Abstract

Generally in digital communication systems and storage mediums, Reed---Solomon (RS) codes are employed to detect and correct errors. RS code is a promising code for Ultra Wide Band (UWB) which is ideally suitable for wireless application. Design of compact, high-speed and low-power RS(23, 17) code is challenging for today's wireless communication systems. Here, an optimization algorithm is introduced which is very simple and it is employed to reduce the number of XOR gates required to design constant Galois Field (GF) multipliers. In this paper, a compact RS(23, 17) encoder and decoder circuit is designed and implemented for Ultra Wide Band(UWB) application.

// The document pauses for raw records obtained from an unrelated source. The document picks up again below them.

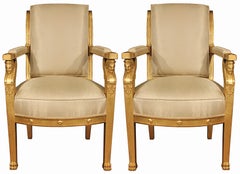 A pair of French First Empire period, ca 1805, giltwood armchairs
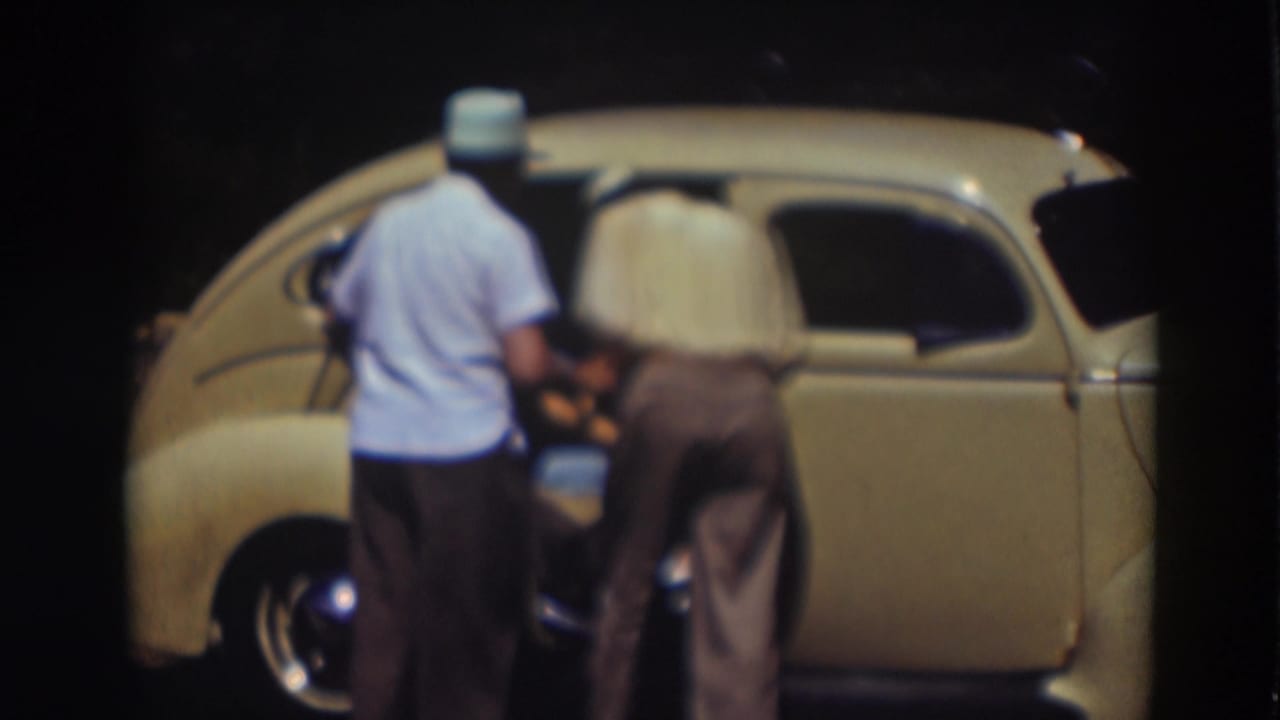 Two men face the side of a pale yellow car while one reaches into the open doorway.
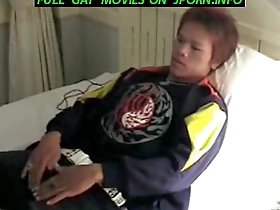 Gay Asian twink masturbates while watching TV.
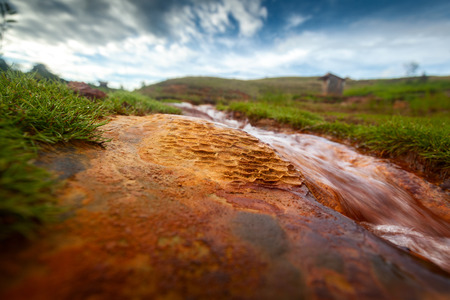 Red soil with patterns in the valley of Analavory geysers. Madagascar.の写真素材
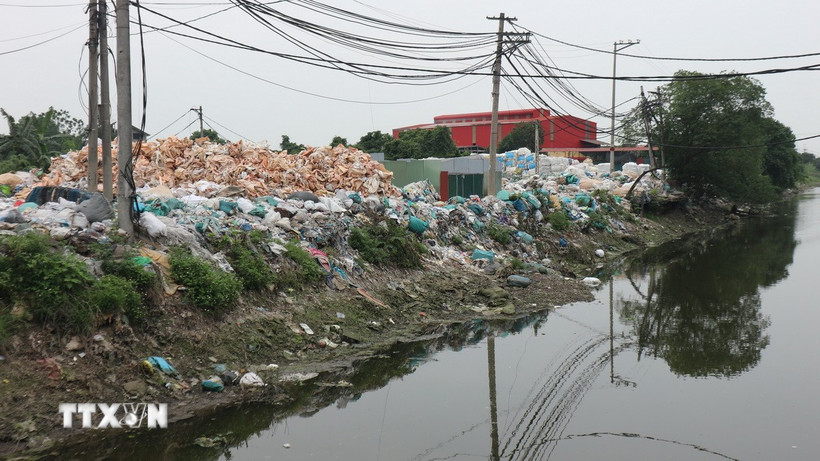 Rác thải nhựa của thôn Minh Khai được tập kết ngay cạnh bờ sông, gây ô nhiễm nghiêm trọng môi trường nguồn nước. (Ảnh: Mạnh Khánh/TTXVN)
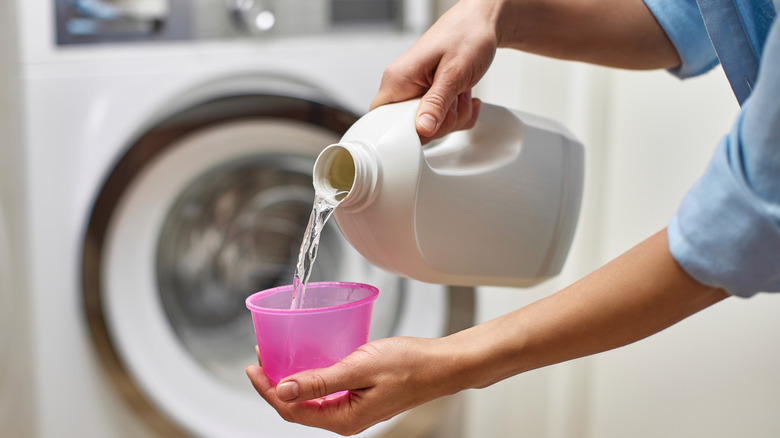 Close up of person pouring bleach into bottle cap
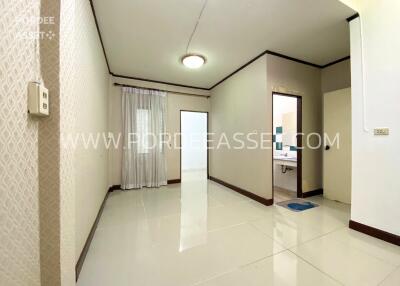 Clean and modern living area with tiled floor and adjacent bathroom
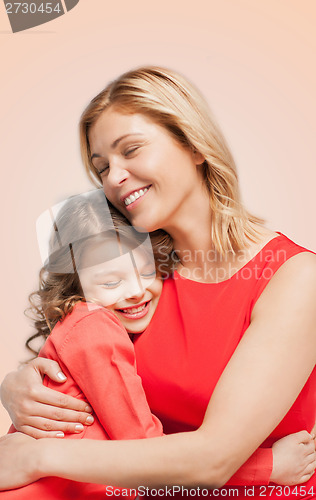 Image of smiling mother and daughter hugging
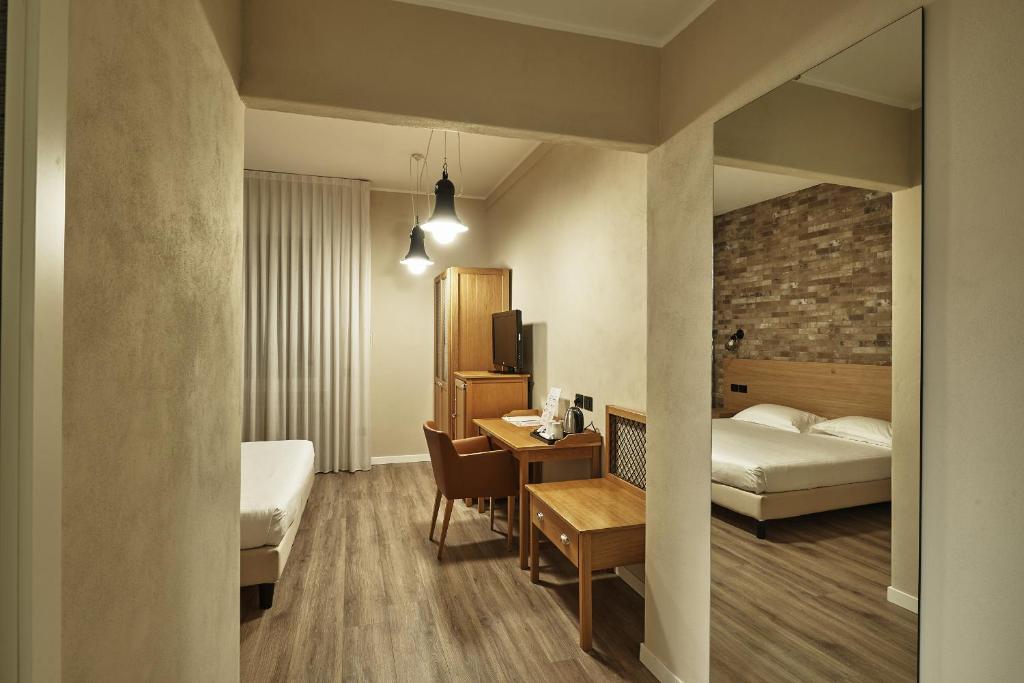 Postel nebo postele na pokoji v ubytování Hotel Miramonti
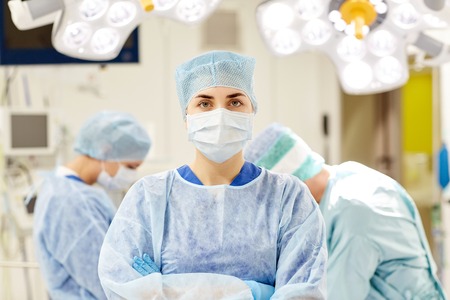 surgery, medicine and people concept - surgeon in operating room at hospitalの写真素材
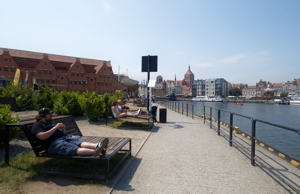 People relaxing on a waterfront in Gdansk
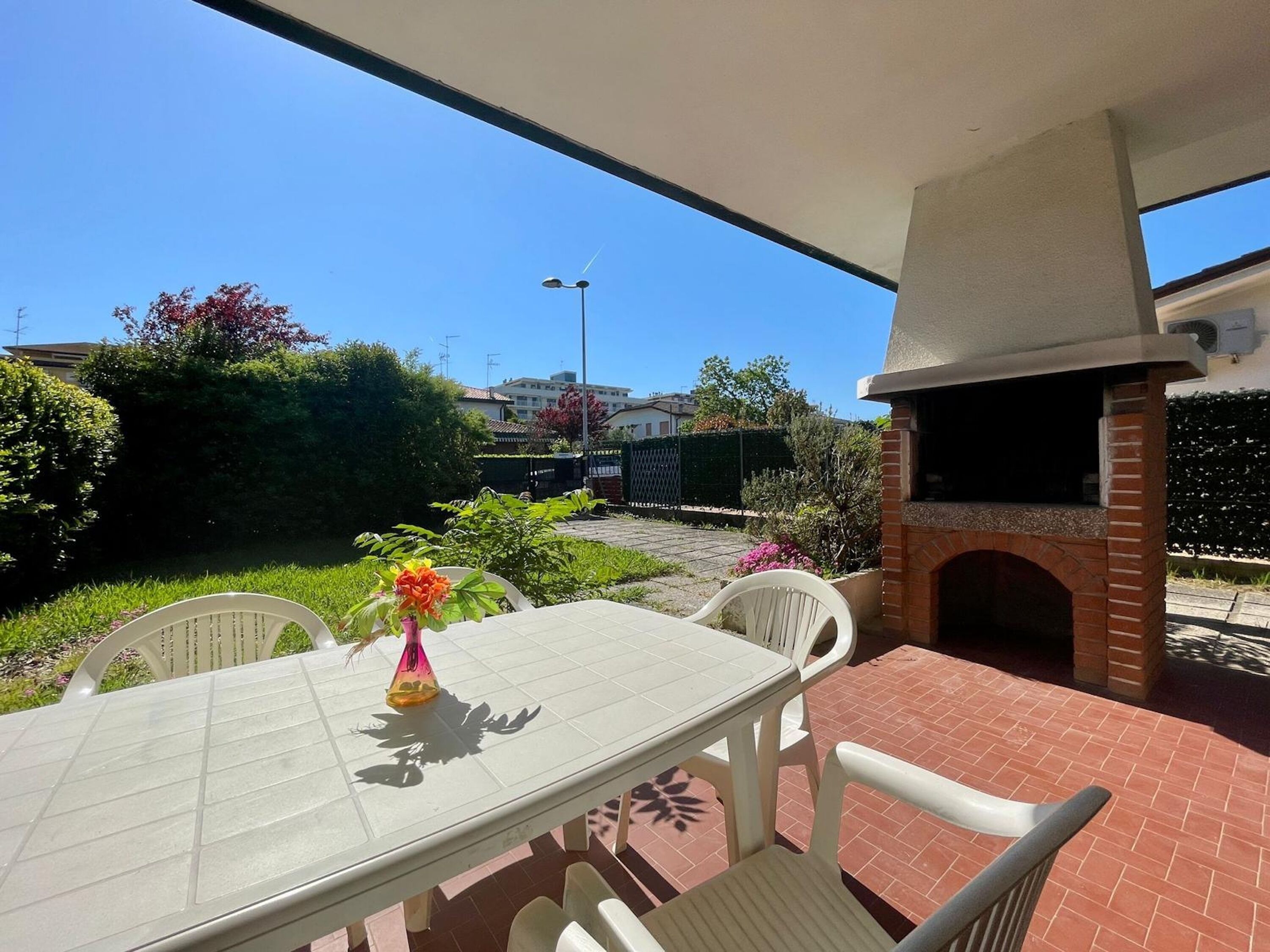 An outdoor patio with a brick oven, a table, and chairs.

The number of two input XOR gates is reduced by 29.27 (20.00) and 56.10 (66.15) % respectively for local and global optimization compared to unoptimized RS encoder (syndrome block) without increasing its delay. The proposed algorithm is also employed to design the RS(204, 188) and RS(255, 223) encoder. All designs are simulated and synthesized for Vertex4 FPGA platform. Proposed algorithm is also used for the design of Chien Search and Forney blocks. Implemented RS(23, 17) codec requires lesser number of slices and LUTs over the unoptimized RS codec. The synthesis results reflect that the proposed design is suitable for resource constraint applications.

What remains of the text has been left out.